When the best players in the world have trouble calculating yardages at altitude, you know it's not easy. The ball flies farther at high altitudes: The air is less dense, so there is less friction to slow the orb's forward motion. At the U.S. Senior Open in 2006 at the Broadmoor in Colorado Springs -- about 6,500 feet above sea level -- great players found themselves perplexed. "I'm a little bit confused on the distance I'm hitting the ball," Tom Watson told "Golf Digest." Bernhard Langer found the temperature changes throughout the day compounded the problem.
Determine the correct yardage from your ball to the green. You may buy a yardage book at some courses to assist you, or you may use the distance markers on the course. Walk off the distance between your ball and yardage marker location.

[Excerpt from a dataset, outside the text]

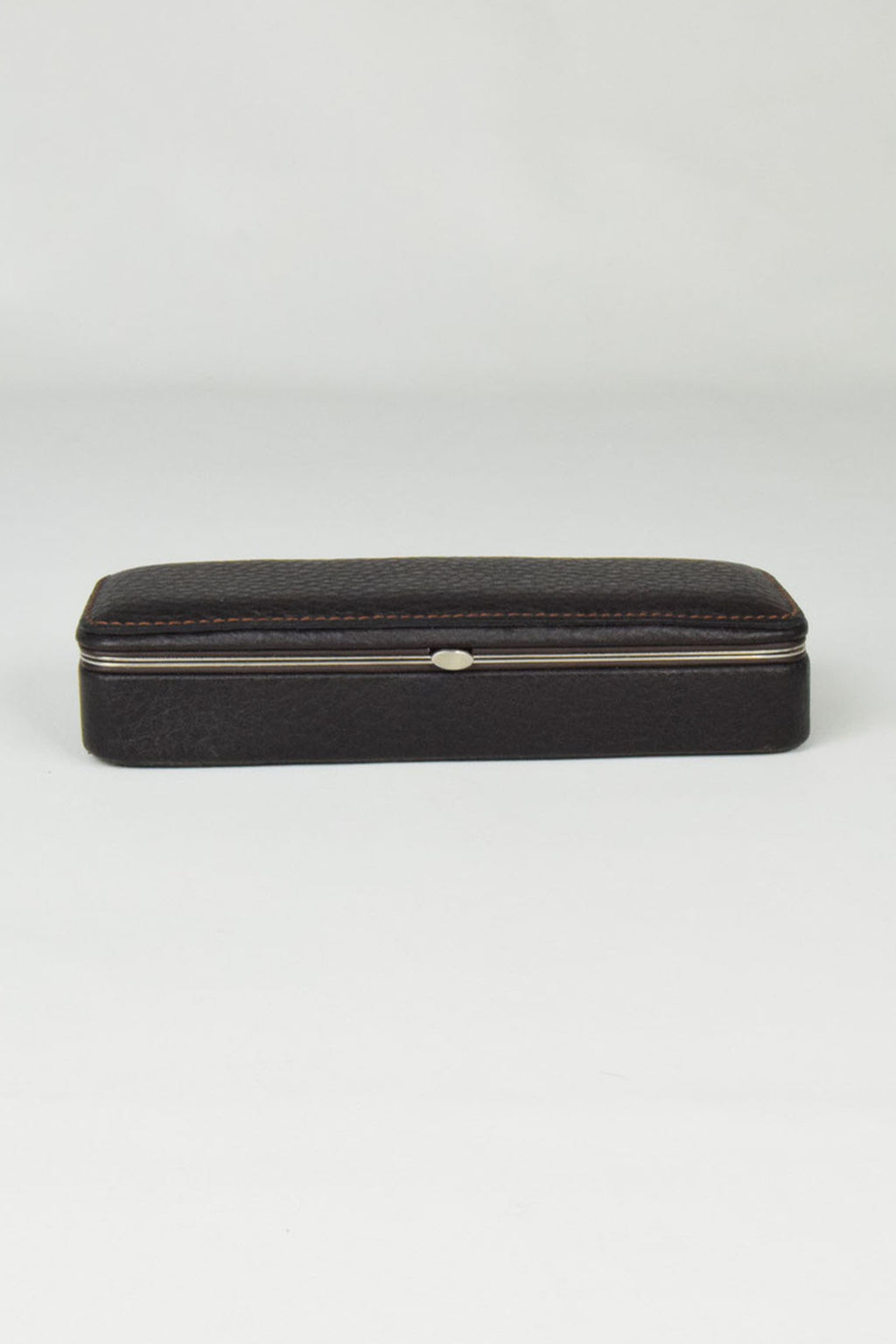 F.HAMMANN | Cigar Case | Dark Brown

For example, if you are 10 yards behind the 150 yard marker, you have 160 yards to the middle of the green.
Subtract 10 percent to account for high altitude, says "Golf Digest." Your 160-yard shot to the middle of the green will travel roughly 16 yards farther because of the thin air. Choose the club you would normally hit from 144 yards away.
Consider the temperature and humidity, notes Langer. The ball won't travel as far in cool weather or humid weather. It will travel farther in warm weather and when the air is dry.
Take into account your ball flight, says Fred Funk. If you hit shots with a high trajectory, they will fly farther in high altitudes. If you hit low shots, you won't get as much additional distance as those who hit the ball high. One such golfer, Kenny Perry, subtracts 20 percent to calculate his yardage in altitudes above 3,000 feet. If he has 200 yards to the pin, he selects a club he normally hits160 yards at sea level.
Prepare to be wrong and try not to get frustrated if your calculations don't work out well. Although the general rule is to deduct 10 percent to determine the "true" distance for shots to the green at high altitude, it's not a rule you can bank on. As "Golf Digest" put it, the 10 percent rule, even for the professionals, is "more of a ballpark figure than an exact science."